With increasing competition, more and more companies are using legal strategies to differentiate and protect products. Trade dress rights and design patents are often over looked by many inventors, companies, and even attorneys as a viable way to protect the ornamental appearance of a product or its packaging.
For example, this past August, L’Oreal USA Creative, Inc. received a Notice of Allowance from the U.S. Trademark Office for the three dimensional configuration of its Essie nail polish bottle. The company also has a patent pending design application.
U.S. Trademark Application Serial No. 86/667,959
Trade Dress is defined as a product’s “total image” or “overall appearance” and can protect unique product features such as a size, shape, color(s) graphics or design. Similarly, a design patent covers the visual ornamental characteristics embodied in, or applied to, an article of manufacture. Lululemon Athletica, Inc. commonly uses design patents to protect its high-end clothing line. In the U.S. the company has filed over thirty patent and sixty trademark applications and has enforced its rights against other companies like Calvin Klein.

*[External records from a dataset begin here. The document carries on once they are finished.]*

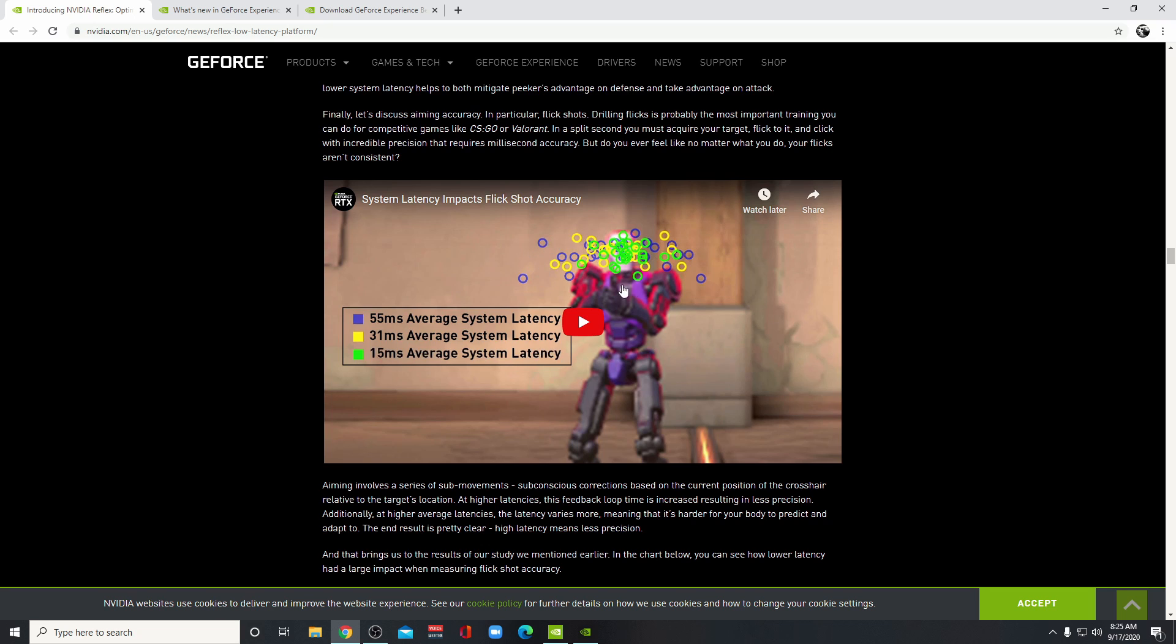Here you see a picture of 55 millisecond system latency versus 15 millisecond latency. The green is a tighter pattern whereas the purple is pretty large.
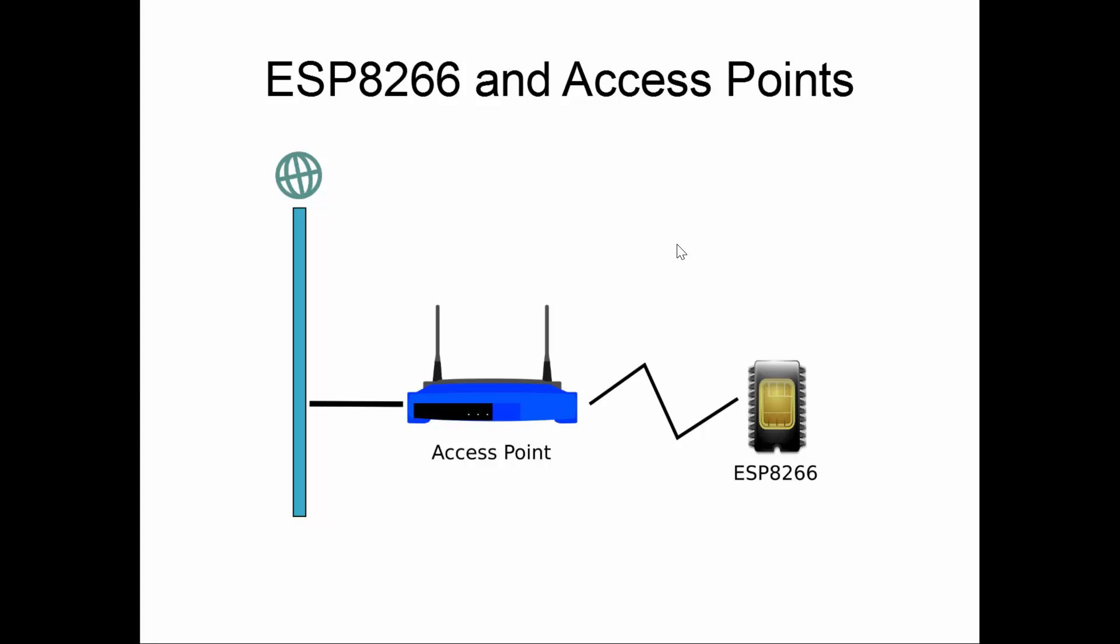And we now have internet connectivity from the ESP8266. In order to connect to an access point, we need to know the SSID or network ID of the access point, and usually a password to allow our station to connect to that access point. So now let's move on and look at what it looks like from a JavaScript programming perspective.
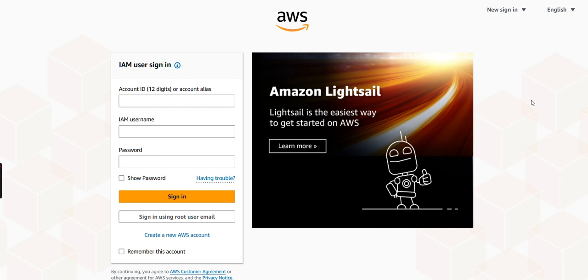Hi everyone, welcome back to the channel. Hope you guys are doing good, safe and sound. So today's session is all about how to create a new account on AWS portal.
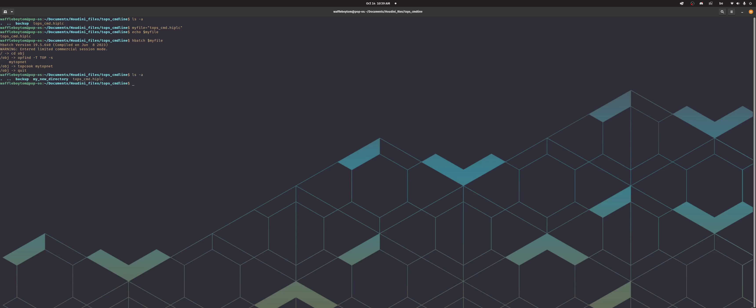Now if I look at my files you can see I've got my new directory. And if I cd into my new directory, you can see that it's got three more directories: flip, render, and text. That's just what the topnet does, it's very simple.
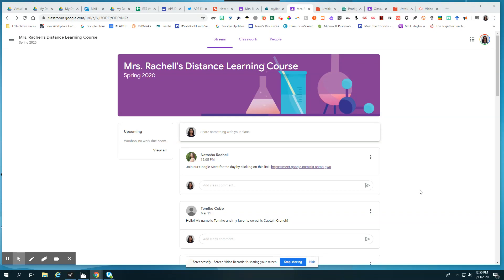Hi students! This video is going to walk you through how to join a Google Meet that your teacher sets up for you.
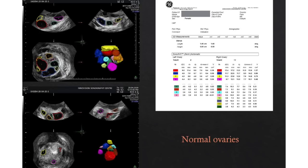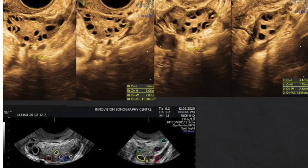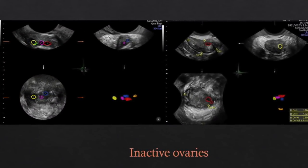Some machines have 3D technique available with very accurate tools such as inversion mode, where follicles are seen as colorful solid balls, SONO AVC for automatic volume calculation of AFC, and VOCAL for ovarian stromal volume calculation and various vascular indices. In 3D, a detailed report is auto-generated mentioning number of follicles, dimensions, and volume of each follicle. For example, normal ovaries on baseline scan may show 13 follicles in the right ovary and 9 in the left; polycystic ovaries show 25 in the right and 17 in the left; and inactive ovaries show AFC 4 to 5 in both.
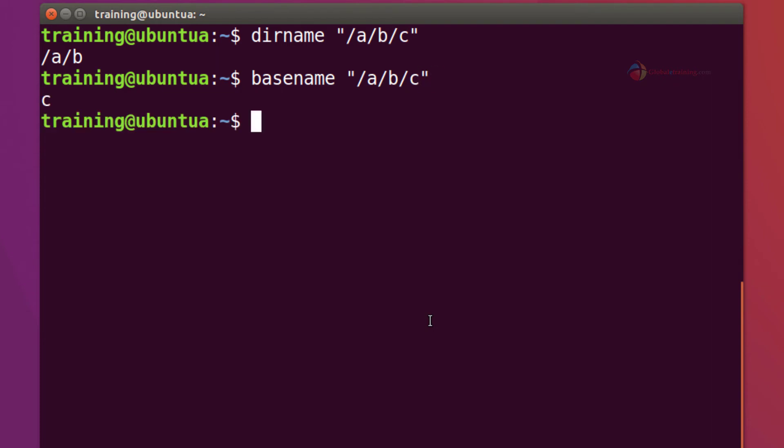That's it. In this video guys we looked at dirname command, we looked at basename command, we also looked at parameter expansion in a bash environment which comes real handy when when it comes to scripting. That's it guys, see you in the next video.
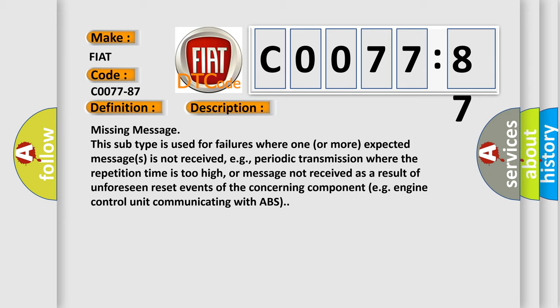And now this is a short description of this DTC code: Missing message. This subtype is used for failures where one or more expected messages is not received, e.g., periodic transmission where the repetition time is too high, or message not received as a result of unforeseen reset events of the concerning component, e.g., engine control unit communicating with ABS.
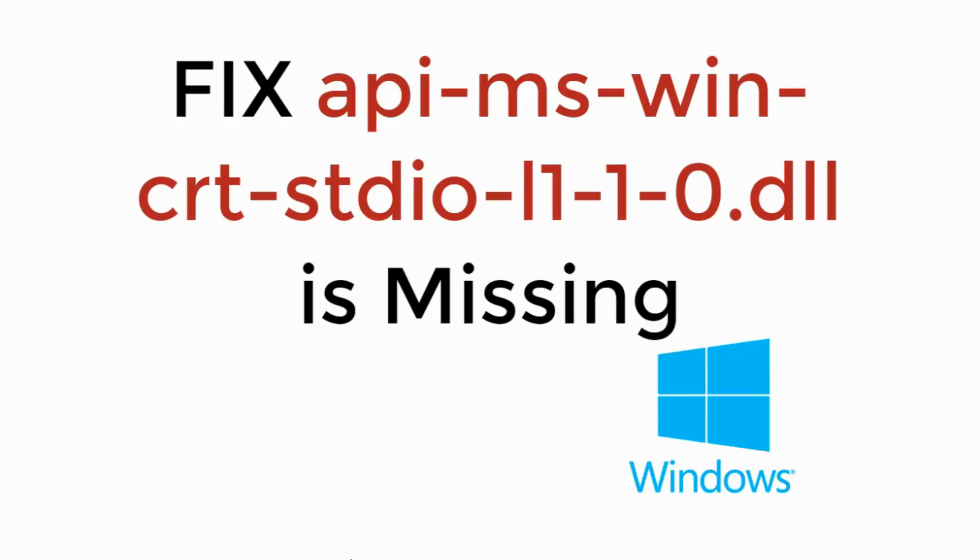In this video we will learn to fix api-ms-win-crt-stdio-dll is missing in Windows 10, 8 or 7. So let's begin.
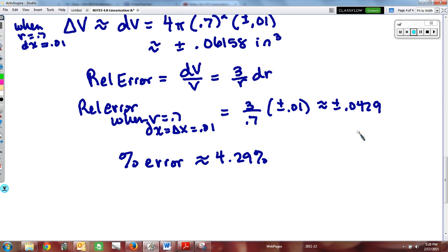That should be enough examples for the differential section, and we'll end the video here.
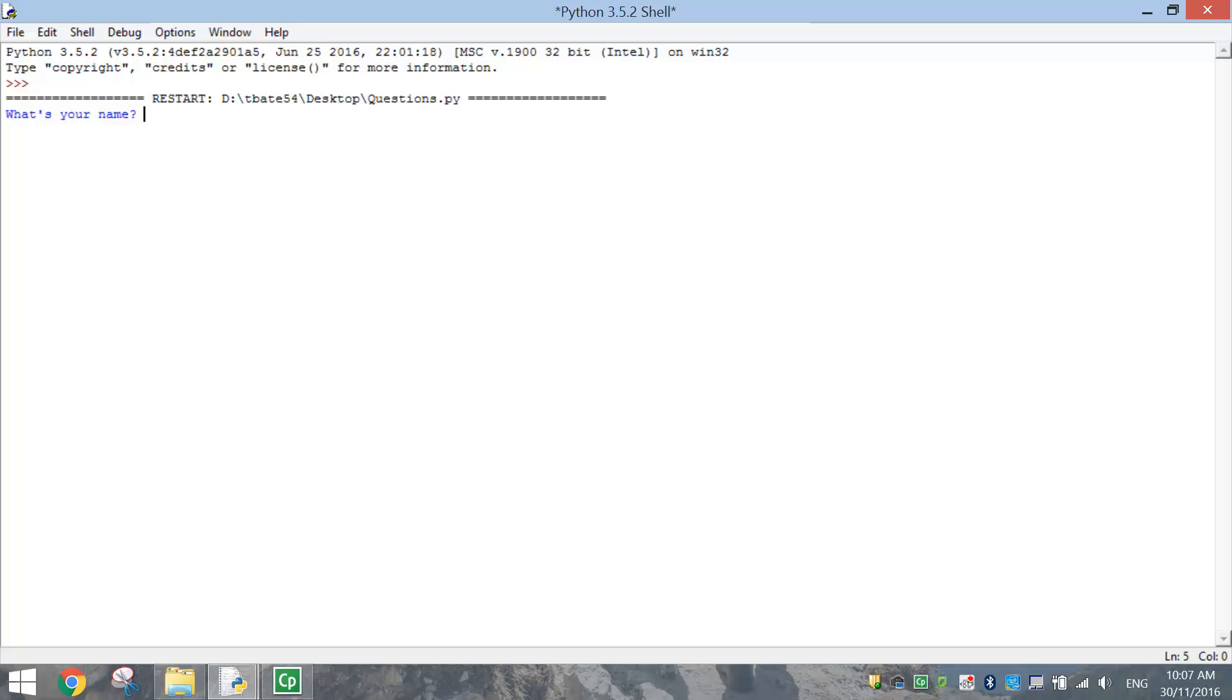In this video tutorial, we're going to be creating a fairly simple Python project where we get the computer to ask us a couple of questions. Once the computer has asked a couple of questions to us, it's just going to come back and basically spit out a full sentence telling us the answers from those questions.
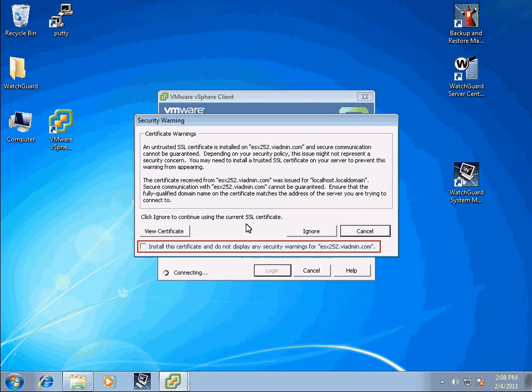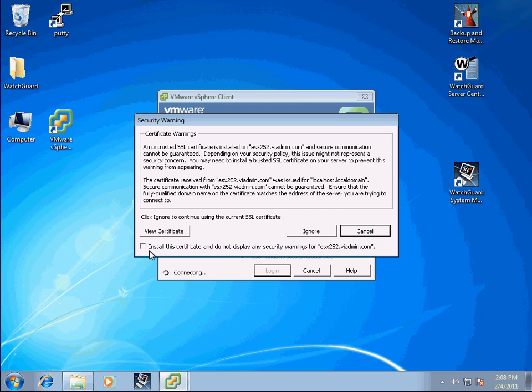It comes up with a security warning. It will always show this warning unless you check the checkbox or go through the process of installing your own certificate system. Check the checkbox and then click Ignore.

U.S. Design Patent No. 3,645,644
There are many other benefits to seeking a trade dress registration form the US Trademark Office or a design patent from the US Patent Office, including:
Inexpensive process, about $1,500-2,500, to file an application (including fees and costs);
Generally easier to obtain than utility patents; and
Fast- can be granted in less than one year.
Both trade dress applications and design patent applications can be filed internationally as well.